The Virginia House of Delegates dealt the Equal Rights Amendment a potentially fatal blow today, voting overwhelmingly to defeat a parliamentary maneuver designed to bring the controversial measure to the House floor.

Voting 62-to-35 without discussion, the House killed a rules change proposed by Del. Dorothy McDiarmid (D-Fairfax) that would have allowed the ERA to bypass the House Privileges and Elections Committee, where the measure has died in previous years.

That leaves supporters of the measure with little choice but to bring ERA before the committee Wednesday, where it is virtually certain to be killed. Still, supporters of the measure would not admit defeat today, saying they were hopeful that they could win the support of the state Senate and force the issue again in the House later in the session.

"This was absolutely done with total thought," said Eleanor Smeal of Fairfax County, president of the National Organization for Women, who said pro-ERA forces had wanted to place members of the House on record. "These guys have been hiding behind the procedural process for years."

The proposed constitutional amendment, which bans discrimination on the basis of sex, has been approved by 35 of the needed 38 state legislatures. It is scheduled to die this summer unless three more states approve ratification.

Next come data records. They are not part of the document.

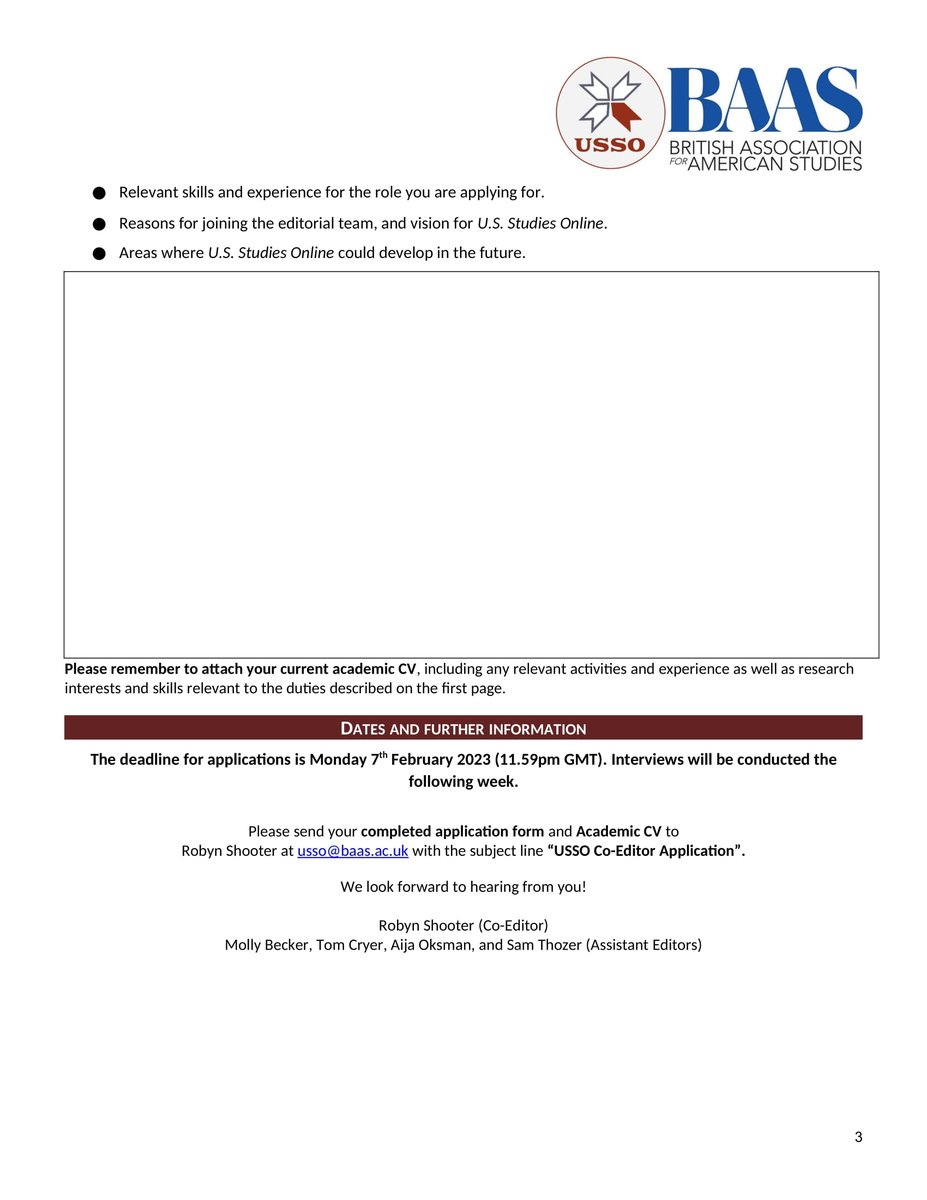 For this #WriteAmStudies, why not submit an application to join our USSO team! 

We are looking to appoint a new Co-Editor to work alongside current Co-Editor and the rest of the editorial team. The deadline for applications is 7 February. We can't wait to hear from you!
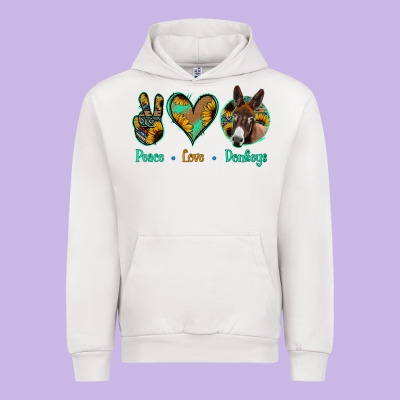 Peace Love Donkeys Urban Hoodie Designed By Jasminsmagicworld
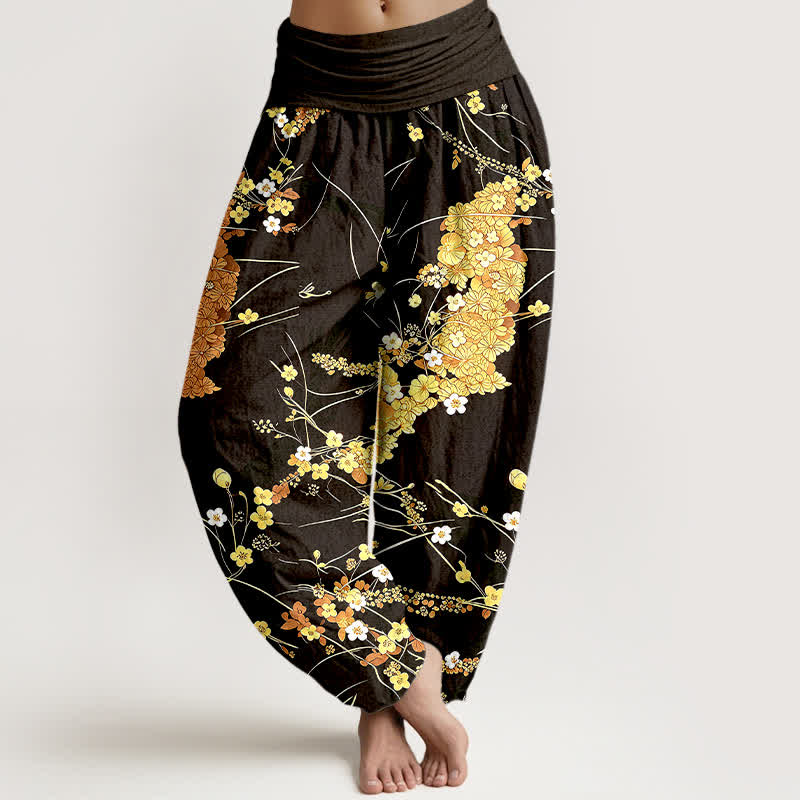 Nimara Ritual Pure Cotton Floral Leaf Pattern Women's Elastic Waist Harem Pants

Today's action capped several weeks of frenzied lobbying in Richmond, with crowds of pro-ERA forces staging daily vigils on the Capitol grounds and opponents holding up signs along highway approaches to the Capitol. A half-page advertisement signed by television evangelist Jerry Falwell appeared in three Virginia newspapers today, exhorting opponents to register their feelings with the clerk of the House of Delegates. More than 200 callers jammed the clerk's telephone lines this morning.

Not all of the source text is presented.